What to make of this negotiation?

Taking potshots at this initiative is easy – although not because of trade diversion, the sole focus of so many economic analysts of regional trade agreements.

  • Given the attempts to free up transatlantic trade over the past 20 years, history is on the side of the sceptics;
  • Indeed, the 3 March 2013 commentary in the Financial Times by the Chairman of the US Senate Finance Committee – the very body that would play a key role in the approval of any deal – suggests that a high bar has been set for this negotiation as well (Baucus 2013).
Conclusions

Yet no trade-policy analyst should be smug.

The gap between trade negotiators and professors continues to widen. More and more regional trade agreements include provisions for which there has been little rigorous analysis of the choices available and their consequences. Yet behind-the-border measures have been on trade negotiating tables since at least the 1970s. A critical negotiator might well ask how many more decades will it take before researchers invest in the tools and data necessary to effectively guide negotiations in the policy areas that companies say really count? Some trade analysts, such as Deardorff and Stern (1998), have analysed some of the pertinent issues, but so much more needs to be done. It is not just the credibility of trade negotiators on both sides of the Atlantic that is on the line – analysts must re-tool if they are to demonstrate they are as relevant to 21st-century trade policy deliberations as they were in the past.

References

Baldwin, Richard E & Francois, Joseph F (1999), Dynamic Issues in Commercial Policy Analysis, Cambridge Books, Cambridge University Press.
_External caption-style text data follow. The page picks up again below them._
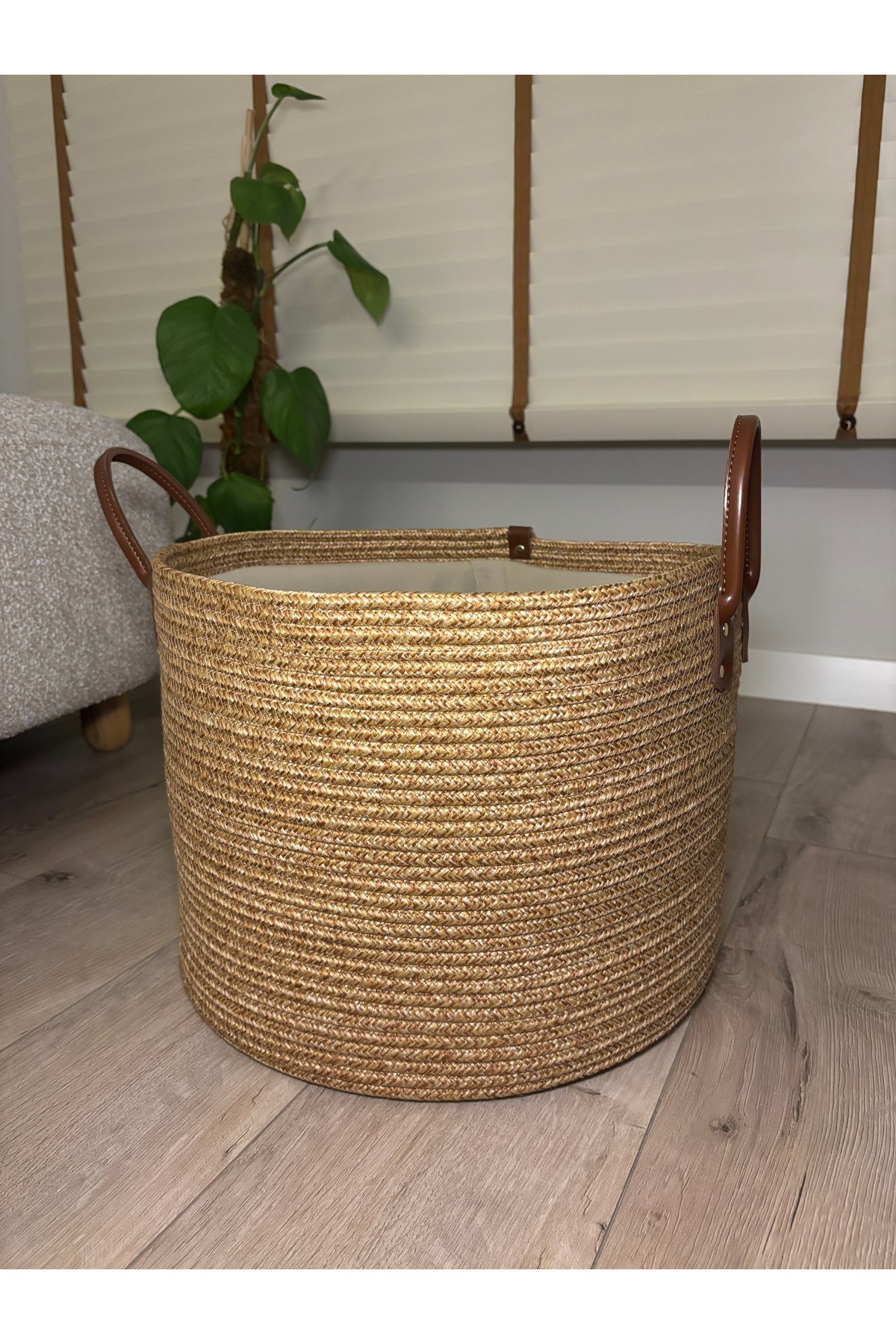 Cinchy Büzgü Astarlı, Dekoratif Deri Saplı, 40 cm X 30 cm Dayanıklı Toparlayıcı Sepet - Görsel 6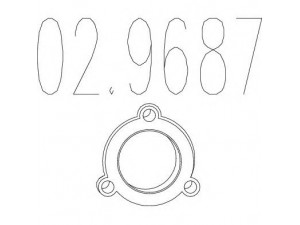 MTS 02.9687 tarpiklis, išleidimo kolektorius 
 Išmetimo sistema -> Surinkimo dalys -> Atskiros surinkimo dalys -> Sandariklis, alyvos pompa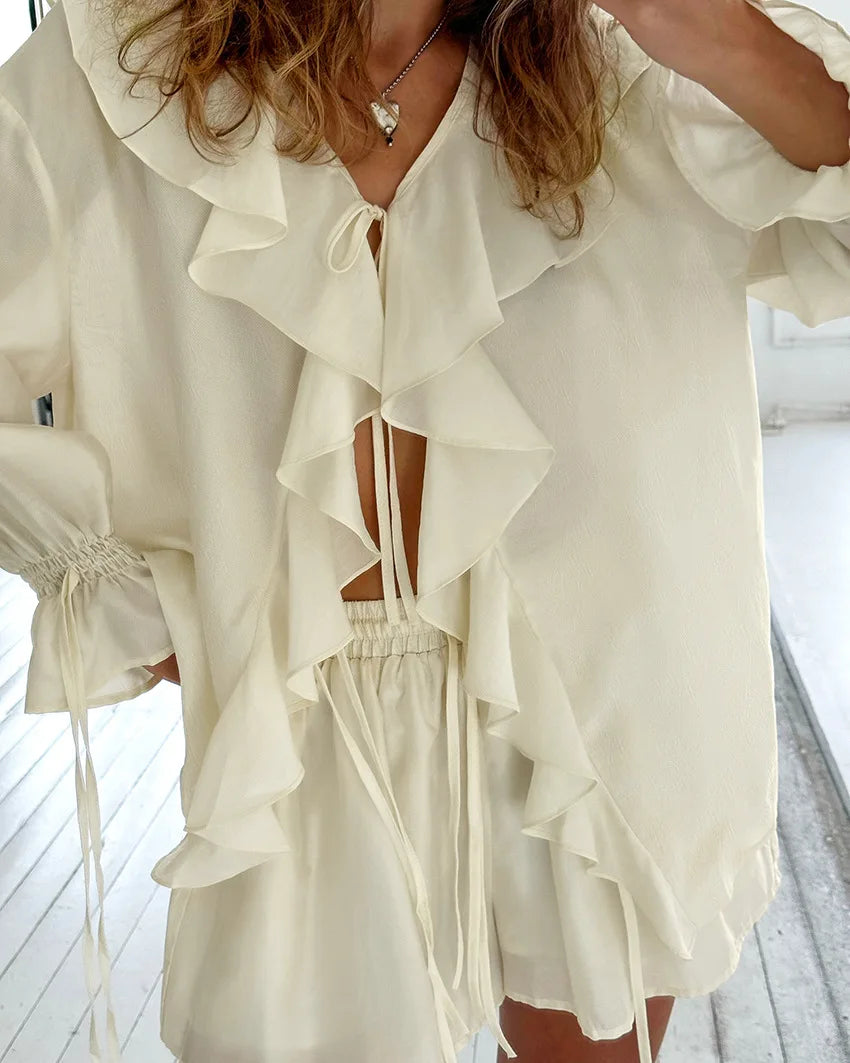 Tuularose New Casual Shorts Two-piece Set Women's Ruffled Loose Tie Top Simple Shorts Set Office Lady Summer Female Shorts Set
Baldwin, Robert E & J David Richardson (1972), “Government Policies, Other NTBs, and the International Monetary Crisis”, in HE English and Keith AJ Hay (eds.) Obstacles to Trade in the Pacific Area: Proceedings of the Fourth Trade and Development Conference, Carelton University, Ottawa.

Baucus, Senator Max (2013), “Transatlantic Trade Deal is a US Priority,” Financial Times, 3 March 2013.

Deardorff, Alan V and RM Stern (1998), Measurement of Nontariff Barriers, University of Michigan Press.

Evenett, Simon J & Hoekman, Bernard M (2005), "Government procurement: market access, transparency, and multilateral trade rules", European Journal of Political Economy, Elsevier,21(1), 163-183, March.

Evenett, Simon J & Robert M Stern (2011), Systemic Implications of Transatlantic Regulatory Cooperation and Competition, World Scientific.

HLWG [High Level Working Group] (2013), Final Report, 11 February.